Barnett JC, Bahar-Fuchs A, Cherbuin N, Herath P, Anstey KJ
J Prev Alz Dis 2015;2:38-45
Publication date: March 1, 2015
Without preventative strategies, the burden of dementia is likely to increase rapidly worldwide. Primary prevention approaches involve modifying risk factors before symptoms of cognitive impairment develop.
This review systematically assesses randomized controlled trials (RCTs) and reviews of RCTs for their effectiveness in primary prevention. Both non-pharmacological and pharmacological interventions were considered. Inclusion criteria were sample size greater or equal to 50, at least 6 months of follow-up, and participants with no cognitive impairment at baseline.
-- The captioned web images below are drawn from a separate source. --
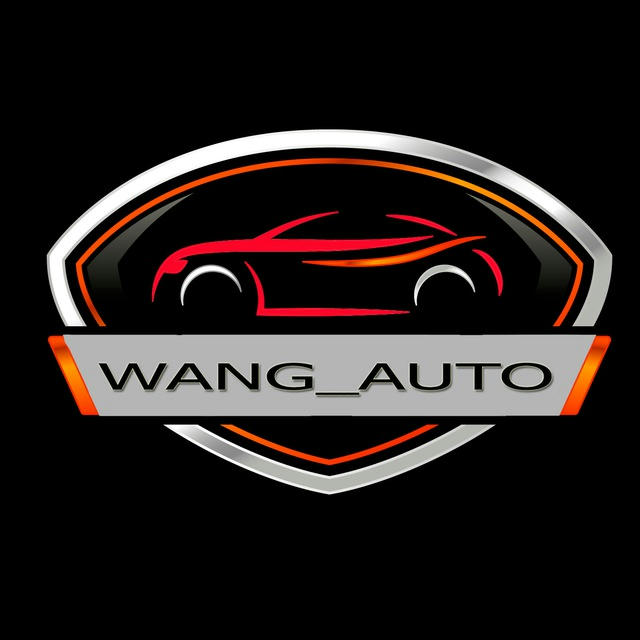 WANGAUTO Авто из Китая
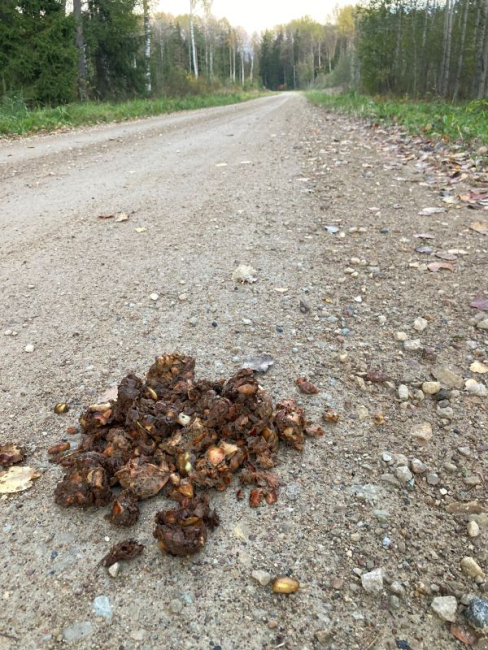 Alutagusel, Peressaare küla kruusatee 3km lõigul oli 52 sarnast hunnikut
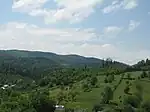 Urwald von Slătioara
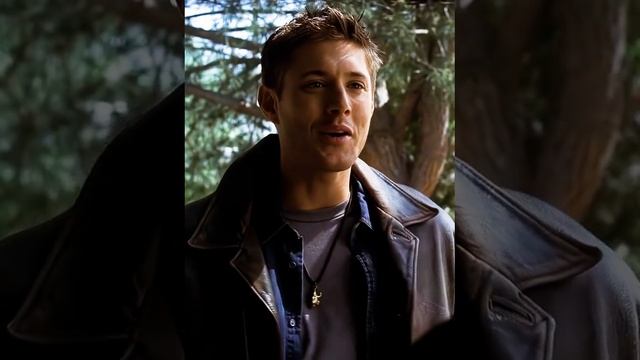 video5357426648935310278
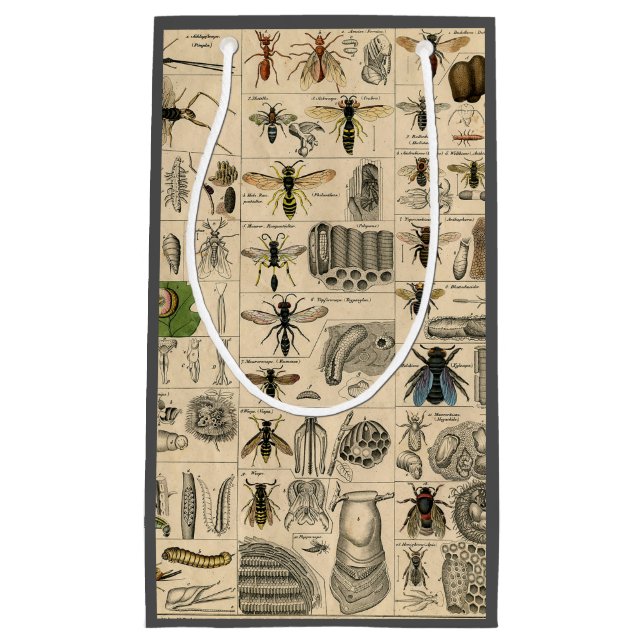 Bieneninsekt-Bug-Wasp-Bienen Kleine Geschenktüte (Vorderseite)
Outcomes included dementia incidence, cognitive decline and cognitive function. Study quality was rated using the Jadad criteria.
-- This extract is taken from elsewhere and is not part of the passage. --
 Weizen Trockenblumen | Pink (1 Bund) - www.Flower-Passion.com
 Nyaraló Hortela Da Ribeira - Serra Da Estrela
Thirty-nine studies, 17 non-pharmacological and 22 pharmacological, were included. Results were heterogeneous across interventions and studies, with few significant effects. Studies investigating physical activity and calcium channel blocker treatment demonstrated significant effects in preventing cognitive decline. There were no conclusive results demonstrating overall capacity of assessed interventions to reduce the risk of dementia.
The review provides an overview of the current literature, and identifies areas in need of further research.